Dr Brathwaite added: “While I appreciate the opportunity to provide play-by-play on these consultation meetings, I think it would be most fair for the process and every person involved to allow these conversations to naturally progress.

“We are looking forward to having regular meetings with the physician community to talk about healthcare and we will purposefully and meaningfully have them.

“We expect these to be serious meetings of respect and trust. We expect that any negotiations that take place do not take place in the media, but are done with the patient in mind and with the perspective that we are all in this together.”

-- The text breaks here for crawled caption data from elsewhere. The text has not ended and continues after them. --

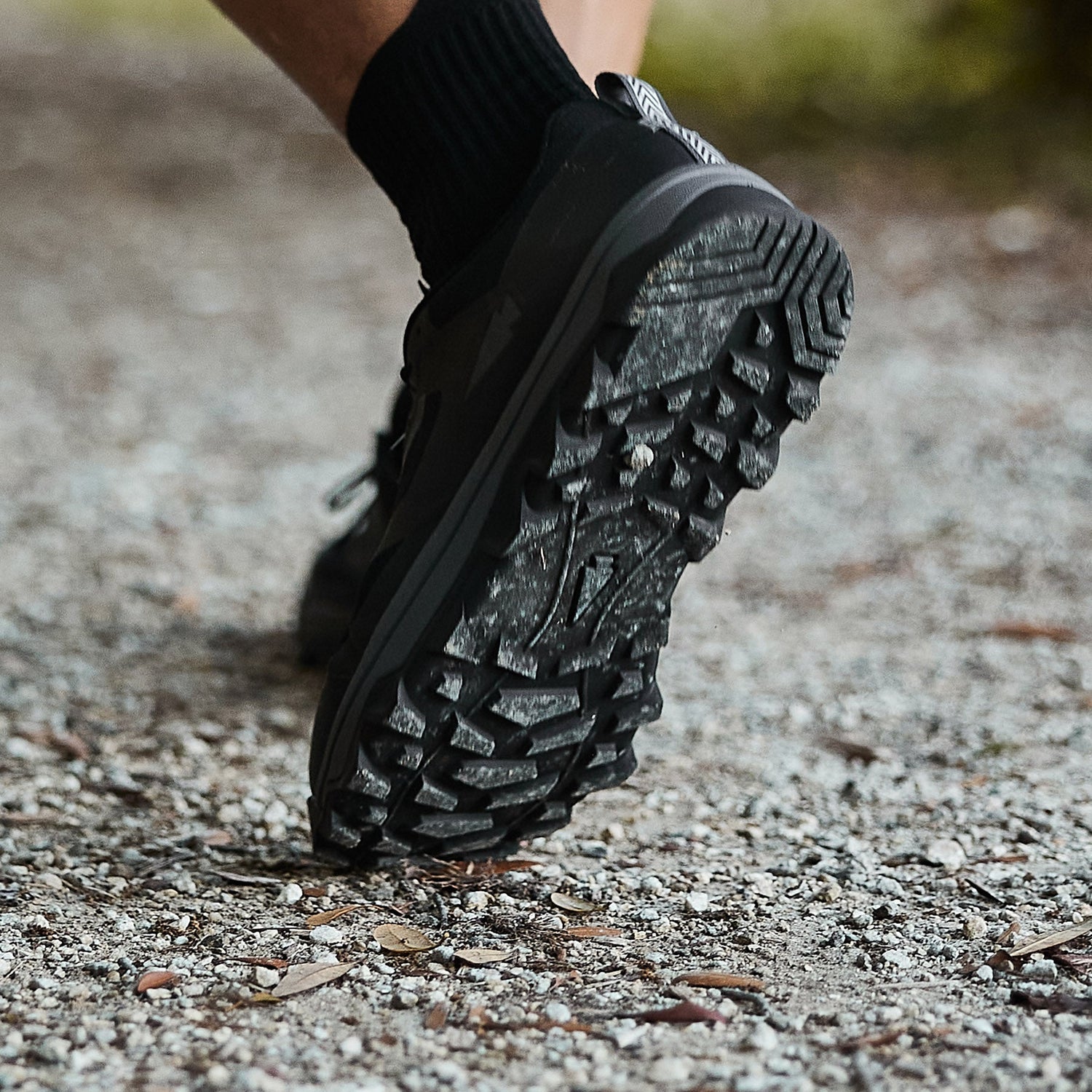 Close-up of a person’s black trail shoe stepping on a gravel path outdoors.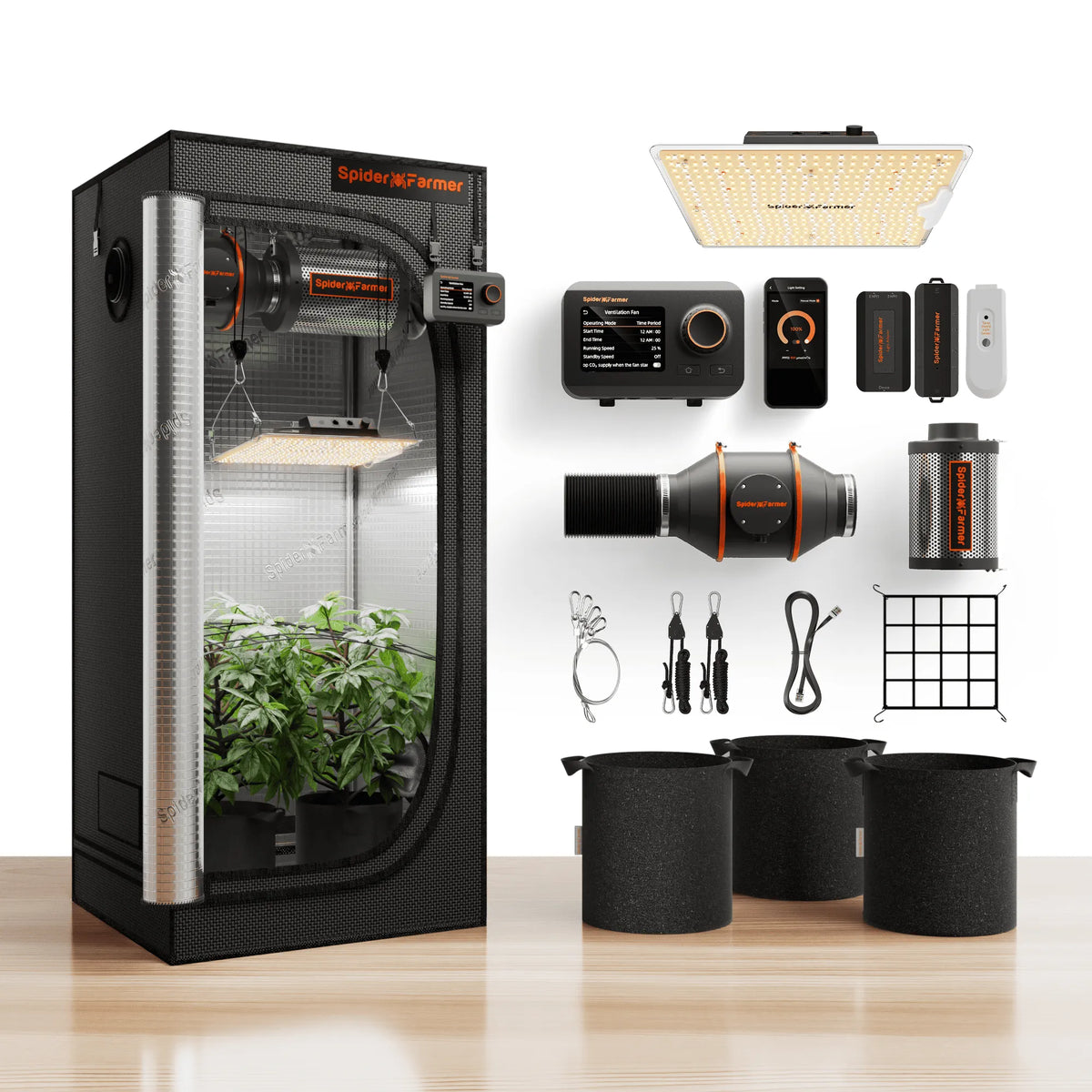 Indoor grow tent with plants, LED panel, ventilation fan, controller, carbon filter, fabric pots, and hanging accessories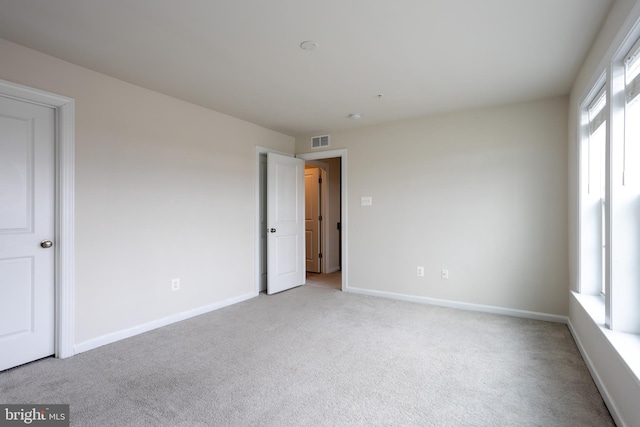 empty room with light colored carpet, visible vents, and baseboards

Dr Brathwaite added: “The primary purpose of these meetings is to break down what is working well now in our health system and what is not working well and come up with solutions.”

He said: “We are at our wit’s end hearing about our seniors whose coverage for their prescription meds are done in November and they have to figure out what to do next.

“Having a 92-year-old have to call around to family members to line up who is going to cover what month of her drugs is just not right.”

Dr Brathwaite added: “We can’t continue to sell the public of Bermuda a product they cannot afford.”

He said the model for Bermuda’s healthcare was “yet to be determined”.

He added: “But that is the whole purpose of dialogue. As part of that dialogue, fundamentally we all have to answer the question as to whether everyone deserves the right to have access to health, and if we believe they do, whether everyone is willing to contribute what they can to make that possible.”

A spokeswoman for the Ministry of Health said the ministry and the BHeC were involved in “meaningful dialogue” with doctors and other interested parties.

She said it was “disingenuous to present discussions as if any decisions had been made”.

The spokeswoman added: “The meeting hosted by BMDA was part of constructive dialogue and the process of collaboration will continue.

“This reaction from one or two physicians is unfortunate and misleading. We look forward to the next level of the conversation with the wider community.”